Hier gelten die Gesetze der Welt nicht

Carty und die anderen sind Menschen, deren Leben oft so trostlos und hässlich wirken wie die Tatorte, die Herzog mit seiner gnadenlosen Kamera aufsucht. Bevor sie in der Vorhölle des Todestrakts landeten, haben alle diese Leute, die erstaunlich intelligent und zugleich erschreckend dumm wirken, seit der Kindheit eine schauerliche Parallelwelt bewohnt. Kindesmissbrauch und Gewalt, Alkohol und Drogen, Diebstahl und periodische Gefängnisaufenthalte stellen hier die Normalität dar, hier gelten die Gesetze jener Welt nicht, die wir für die normale halten.

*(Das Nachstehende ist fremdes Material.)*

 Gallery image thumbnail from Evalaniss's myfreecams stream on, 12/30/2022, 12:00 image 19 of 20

„Wenn mir jemand was tut, gehe ich nicht zur Polizei. Dann tue ich ihm was“, sagt einer der Drogendealer, die von Carty zum Überfall auf ihre Nachbarin angestiftet worden sein sollen. Die Hässlichkeit dieses Lebens in der Fremde scheint in der Hässlichkeit und Isolation des Todestrakts nur potenziert.

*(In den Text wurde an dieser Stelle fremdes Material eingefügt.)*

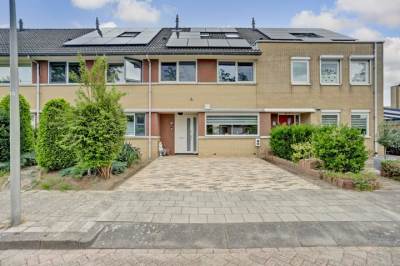 Woning Petronella Brugsmastraat 63 Spijkenisse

Genaues Hinsehen statt Verstehen

Herzog fragt die Insassen nach ihren Träumen. Vielleicht erwartet er Bilder von einem Spaziergang in der Natur, vom freien Atem unter Vogelsang und blauem Himmel. Doch Hank Skinner antwortet: „Wenn ich hier rauskäme, würde ich 1000 Dollar nehmen, in den Supermarkt gehen, drei, vier Einkaufswagen zusammenbinden wie einen Eisenbahnzug und sie einfach volladen. Mann, für einen Avocado mit Tequila könnte ich töten … Na, nicht töten, aber Sie verstehen schon, was ich meine.“

Auch ums Verstehen geht es Herzog nicht. Sondern ums Abbilden: So ist es hier. Aus diesen Leben kommen diese Leute. In diesen Tod gehen sie. Dieses genaue Hinsehen ist viel mehr als ein Verstehen. Es ist ein Aushalten. Ganz großes Kino.